LWN 211505: 避免和解决内存碎片化

Wang Chen 创作于 2018/11/21

原文：Avoiding - and fixing - memory fragmentation 原创：By corbet @ Nov. 28, 2006 翻译：By unicornx 校对：By Li lingjie

Memory fragmentation is a kernel programming issue with a long history. As a system runs, pages are allocated for a variety of tasks with the result that memory fragments over time. A busy system with a long uptime may have very few blocks of pages which are physically-contiguous. Since Linux is a virtual memory system, fragmentation normally is not a problem; physically scattered memory can be made virtually contiguous by way of the page tables.

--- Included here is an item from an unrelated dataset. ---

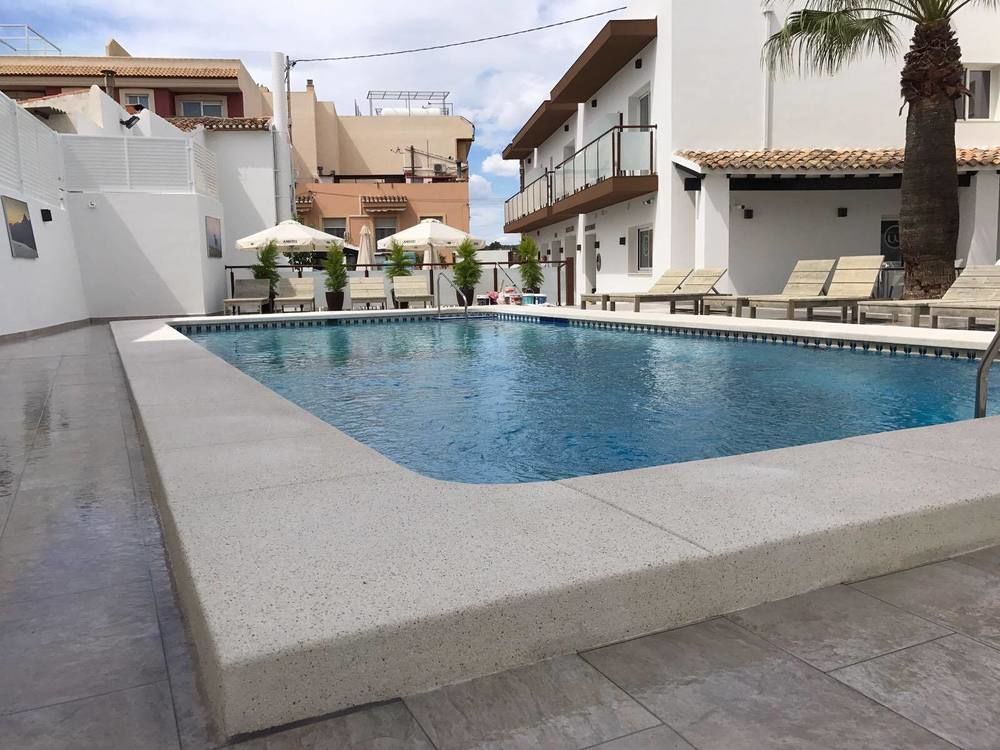 Hotel Moli Boutique 알파스델피 외부 사진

内存碎片（memory fragmentation）是内核编程中一个历史悠久的问题。系统运行过程中，各种任务都会请求分配内存页框，导致随着时间的推移，内存的碎片化现象会愈发严重。对一个繁忙的系统来说，长时间运行一段时间后，只有很少的空闲页框还能在物理上保持连续。当然，由于 Linux 支持虚拟内存管理，所以物理内存碎片通常不是问题；在页表的帮助下，物理上分散的内存在虚拟地址上呈现出来仍然是连续的。

But there are a few situations where physically-contiguous memory is absolutely required. These include large kernel data structures (except those created with vmalloc()) and any memory which must appear contiguous to peripheral devices. DMA buffers for low-end devices (those which cannot do scatter/gather I/O) are a classic example. If a large (“high order”) block of memory is not available when needed, something will fail and yet another user will start to consider switching to BSD.

但仍有一些情况下必须要求使用物理上保持连续的内存块。这样的例子包括用于存放内核创建的一些大型的数据结构（使用 vmalloc() 函数创建的除外）以及为了满足外设要求必须保证某些内存块的物理内存地址连续。第二个例子常见于在操作某些低端外设（不支持 scatter/gather 模式）的 DMA 缓冲区时。如果在需要时无法分配 “高阶”（high-order，指物理上由多个连续的页框组成）内存块，将影响一些应用实现，说得严重点可能会导致一些 Linux 用户转而投奔 BSD。

Over the years, a number of approaches to the memory fragmentation problem have been considered, but none have been merged. Adding any sort of overhead to the core memory management code tends to be a hard sell. But this resistance does not mean that people stop trying. One of the most persistent in this area has been Mel Gorman, who has been working on an anti-fragmentation patch set for some years. Mel is back with version 27 of his patch, now rebranded “page clustering.” This version appears to have attracted some interest, and may yet get into the mainline.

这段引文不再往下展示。